A wide majority of first-time buyers-to-be plan to put down less than 20%, according to new data from RBC/Ipsos.
Here’s the breakdown of their expected down payments:
10% or less (62% of respondents)
11-20% (26% of respondents)
More than 20% (12% of respondents)
Over half of newbie homeowners will likely pay the maximum default insurance premium to buy their home.* That maximum ranges from $2,750-$2,900 per $100,000 of purchase price (i.e., 2.75%-2.90%), depending on the source of down payment.
If home prices rise 2% a year (a rough rule of thumb for the long-term growth rate), buyers can easily make up that insurance premium in a few years. If prices drop, it’s just one more thing that eats into their equity if they have to sell.
How long do young buyers expect to save for their first down payment?
39% prefer a term over five years
(versus 22% of all prospective buyers)
38% prefer a 5-year term
23% want a term less than five years.
Of Canadians in general:
14% of homeowners said they should have made a bigger down payment.
29% of prospective borrowers (42% of first-time buyers) are considering a hybrid mortgage (e.g. part-fixed and part variable).
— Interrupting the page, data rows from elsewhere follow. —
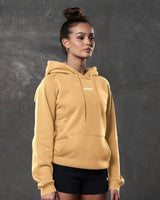 Right side view of yellow hoodie showing kangaroo pocket and tonal drawstrings.
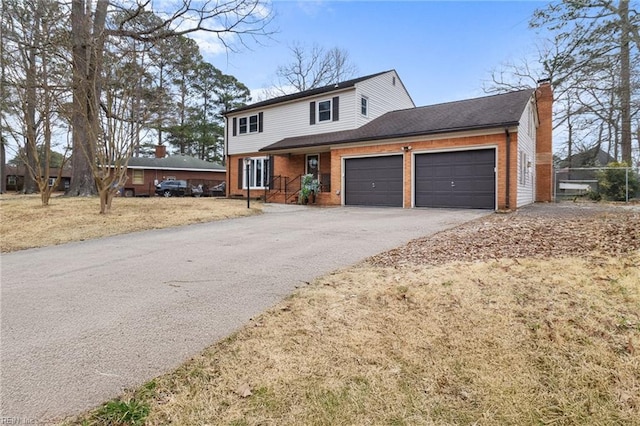 view of front of property with brick siding, driveway, a chimney, and a garage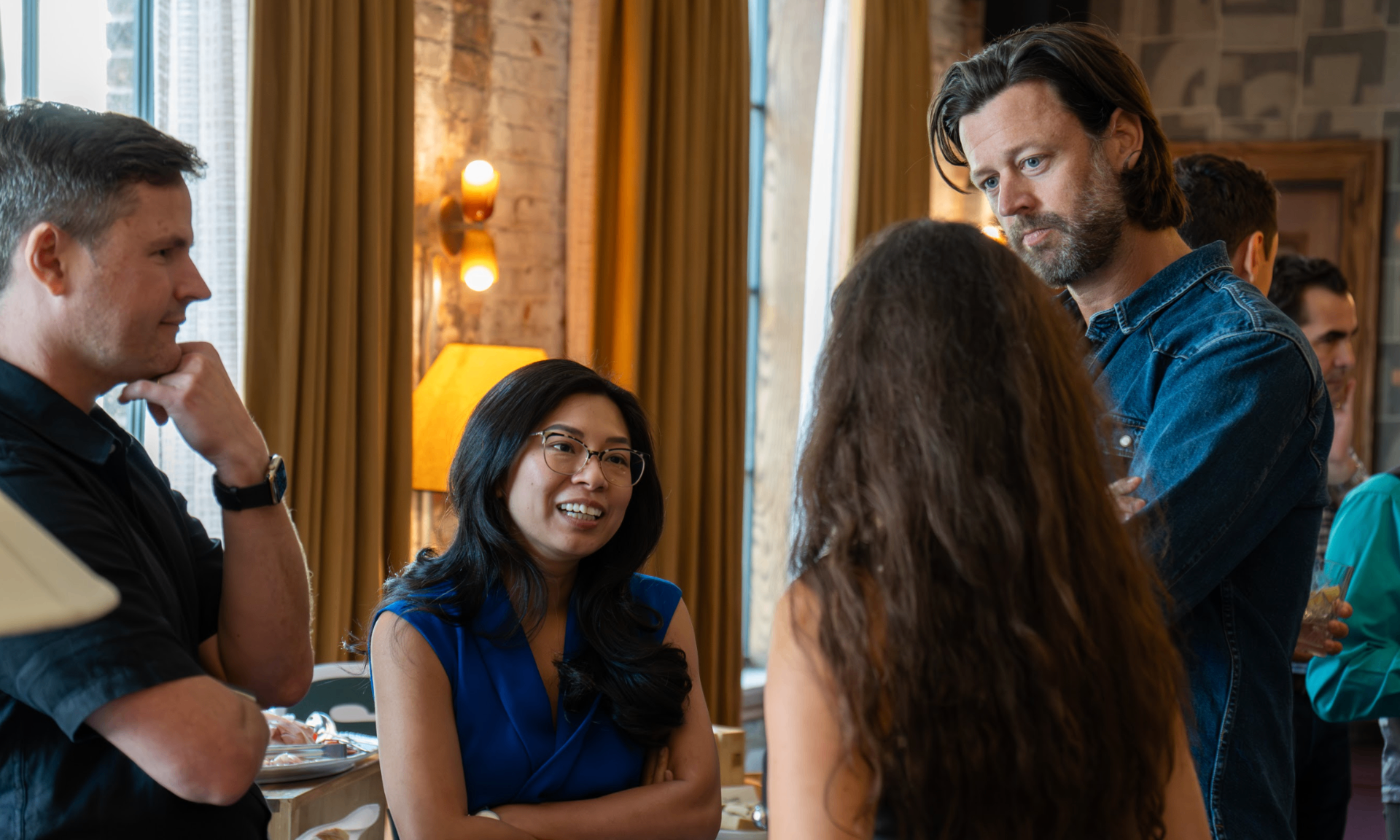 Entrepreneurs networking and discussing at VIP event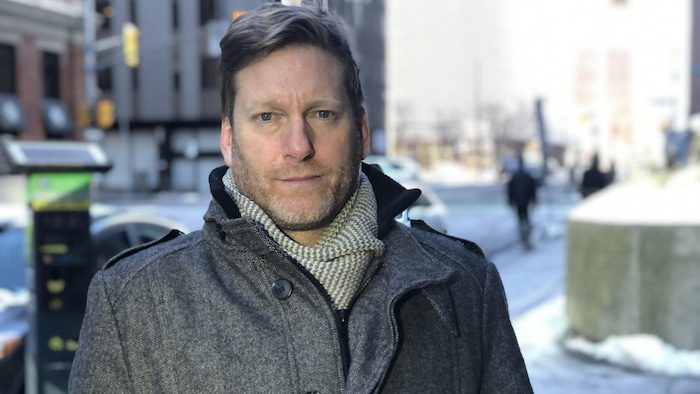 Image of man outside in winter in downtown Ottawa.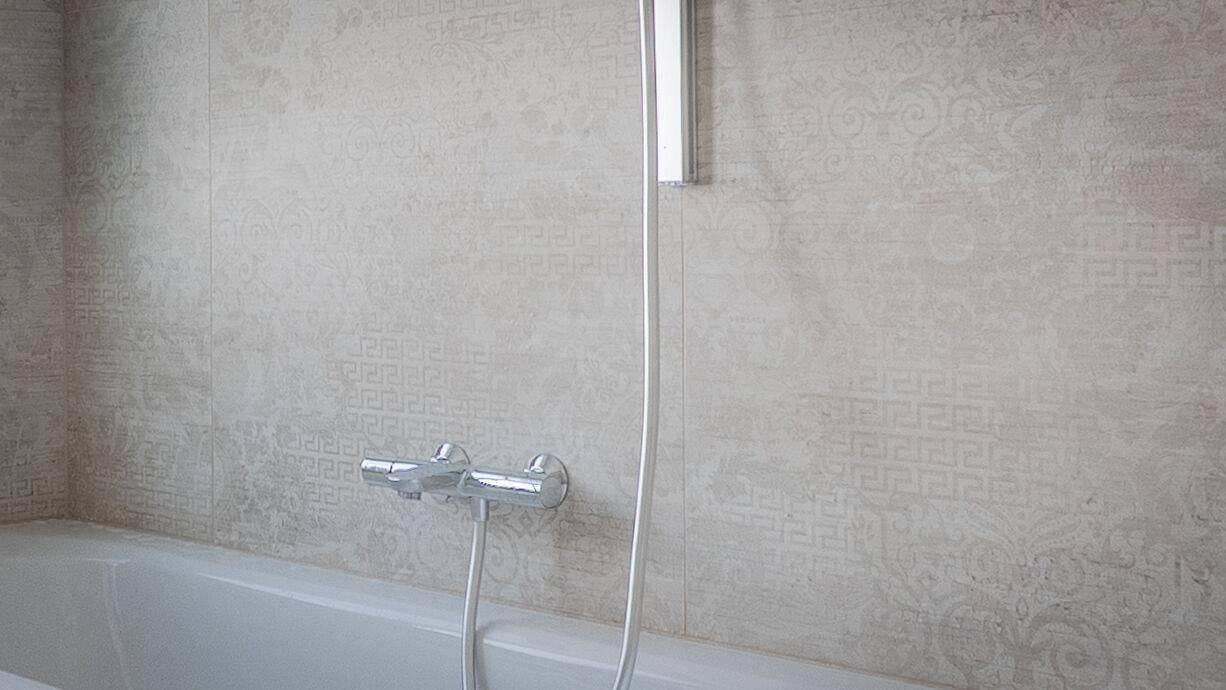 Detailaufnahme der hellen, gemusterten Wandfliesen und der modernen Armaturen über der Badewanne.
But far fewer (just 7% according to CAAMP) actually choose hybrid mortgages.
Just 5% of homeowners admit to choosing the wrong type of mortgage. (From our experience, far more complain about their financing than 5%. Many don’t realize they’ve taken an inferior mortgage until they learn of their lender’s policy on penalties, porting, blending a rate, converting a rate and so forth. Those lessons typically come after closing, when it’s too late.)
Survey details: These findings come from an RBC/Ipsos Reid poll conducted between January 31st and February 8th, 2013 on behalf of RBC. The sample was 3,005 Canadian adults from Ipsos’ Canadian online panel.
* This is the maximum default insurance premium for fully qualifying borrowers (i.e., those who can prove their income).